It's important to be a diligent student, but trying to accomplish too many tasks at once can lead to sensory overload. It is vital to organize time wisely. Right now, I'm learning this the hard way. My history teacher was assigning optional worksheets every night to guide us through the material. As soon as I heard the word "optional" I immediately put the assignment at the bottom of my to-do list. Then, the night before the test, I frantically tried to understand and memorize 150 years of U.S. History.

I know that one history test won't determine my future, but the habits I build now will definitely determine my success throughout life. One way I try to organize my time is by taking a half hour after school, if I have no other activities, just to relax and give my mind a break. I'll start my homework and once I complete one subject, I'll take another break.
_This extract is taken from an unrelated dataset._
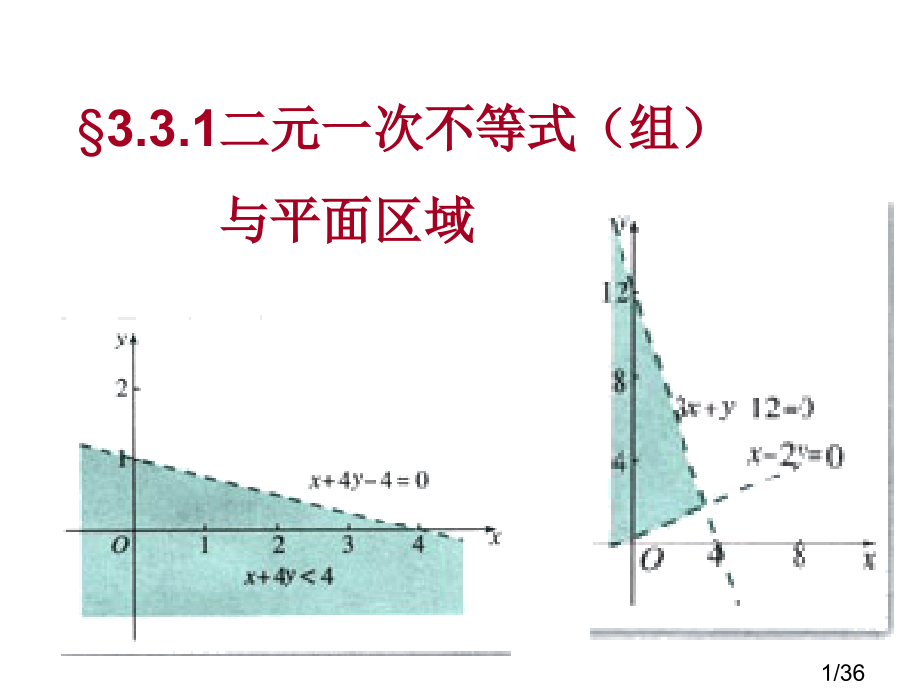 331二元一次不等式(组)市公开课获奖课件省名师优质课赛课一等奖课件.ppt_第1页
My biggest flaw in organization is procrastination. I have no motivation to do homework if it is not due immediately. I learned my lesson from my first history test, and I am now doing a section a night, so the information will make more sense, and studying for the next test will be easier. One way that I try to avoid procrastination is by telling myself that the assignment is due sooner than it really is.

Growing up 

September 16, 2005

Where do you want to go to college? What do you want to major in? These are just a few of the questions I receive on a daily basis from my parents, their friends, my teachers, and relatives. "I am only a junior in high school" is how I respond to most of those questions. I'm not ready to think that far in advance. It seems like hundreds of light years away from the point I am at in my life right now.

I feel like I was a freshman just yesterday. How can I already be ready to look at colleges? I just began my junior year 3 weeks ago and the buzz around school is about how many AP classes people are taking or what colleges they are thinking of applying to.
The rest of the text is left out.